Bayesian inversion and sequential Monte Carlo sampling techniques applied to nearfield acoustic sensor arrays

Journal Paper
MR Bai, A Agarwal, CC Chen and YC Wang
Journal of the Acoustical Society of America, Volume 136, Issue 4, Page 2084
Publication year: 2014

Abstract

This paper demonstrates that inverse source reconstruction can be performed using a methodology of particle filters that relies primarily on the Bayesian approach of parameter estimation. The proposed approach is applied in the context of nearfield acoustic holography based on the equivalent source method (ESM). A state-space model is formulated in light of the ESM. The parameters to estimate are amplitudes and locations of the equivalent sources. The parameters constitute the state vector which follows a first-order Markov process with the transition matrix being the identity for every frequency-domain data frame. The implementation of recursive Bayesian filters involves a sequential Monte Carlo sampling procedure that treats the estimates as point masses with a discrete probability mass function (PMF) which evolves with iteration. It is evident from the results that the inclusion of the appropriate prior distribution is crucial in the parameter estimation.

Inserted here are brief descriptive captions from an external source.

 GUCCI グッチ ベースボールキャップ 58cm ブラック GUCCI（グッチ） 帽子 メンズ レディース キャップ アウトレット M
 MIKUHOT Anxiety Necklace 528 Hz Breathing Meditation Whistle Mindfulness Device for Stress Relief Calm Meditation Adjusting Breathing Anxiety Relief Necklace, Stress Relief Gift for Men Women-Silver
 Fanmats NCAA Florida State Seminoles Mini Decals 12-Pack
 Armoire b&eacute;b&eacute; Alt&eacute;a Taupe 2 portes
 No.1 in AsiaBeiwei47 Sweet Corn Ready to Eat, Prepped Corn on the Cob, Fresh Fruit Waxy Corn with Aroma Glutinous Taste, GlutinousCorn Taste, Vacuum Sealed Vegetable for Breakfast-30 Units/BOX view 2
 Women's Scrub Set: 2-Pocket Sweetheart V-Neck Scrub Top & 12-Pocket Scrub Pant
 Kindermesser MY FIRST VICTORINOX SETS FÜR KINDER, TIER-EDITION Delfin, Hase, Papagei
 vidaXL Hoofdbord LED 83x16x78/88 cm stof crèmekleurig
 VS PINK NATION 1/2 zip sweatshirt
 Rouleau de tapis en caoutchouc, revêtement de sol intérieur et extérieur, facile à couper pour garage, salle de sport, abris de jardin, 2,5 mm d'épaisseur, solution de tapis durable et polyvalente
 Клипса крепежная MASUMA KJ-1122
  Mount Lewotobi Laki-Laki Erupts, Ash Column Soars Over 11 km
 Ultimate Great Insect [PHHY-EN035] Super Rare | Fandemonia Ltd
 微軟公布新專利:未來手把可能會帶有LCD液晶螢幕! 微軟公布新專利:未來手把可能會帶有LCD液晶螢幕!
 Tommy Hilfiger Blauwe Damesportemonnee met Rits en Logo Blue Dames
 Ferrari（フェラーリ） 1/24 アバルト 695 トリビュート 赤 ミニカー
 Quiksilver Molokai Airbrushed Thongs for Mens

Bayesian approach of nearfield acoustic reconstruction with particle filters

Journal Paper
MR Bai, A Agarwal, CC Chen and YC Wang
Journal of the Acoustical Society of America, Volume 133, Issue 6, Pages 4032-4043
Publication year: 2013

Abstract

This paper demonstrates that inverse source reconstruction can be performed using a methodology of particle filters that relies primarily on the Bayesianapproach of parameter estimation. In particular, the proposed approach is applied in the context of nearfield acoustic holography based on the equivalent source method (ESM). A state-space model is formulated in light of the ESM. The parameters to estimate are amplitudes and locations of the equivalent sources. The parameters constitute the state vector which follows a first-order Markov process with the transition matrix being the identity for every frequency-domain data frame. Filtered estimates of the state vector obtained are assigned weights adaptively. The implementation of recursive Bayesianfilters involves a sequential Monte Carlo sampling procedure that treats the estimates as point masses with a discrete probability mass function (PMF) which evolves with iteration. The weight update equation governs the evolution of this PMF and depends primarily on the likelihood function and the prior distribution. It is evident from the simulation results that the inclusion of the appropriate prior distribution is crucial in the parameter estimation.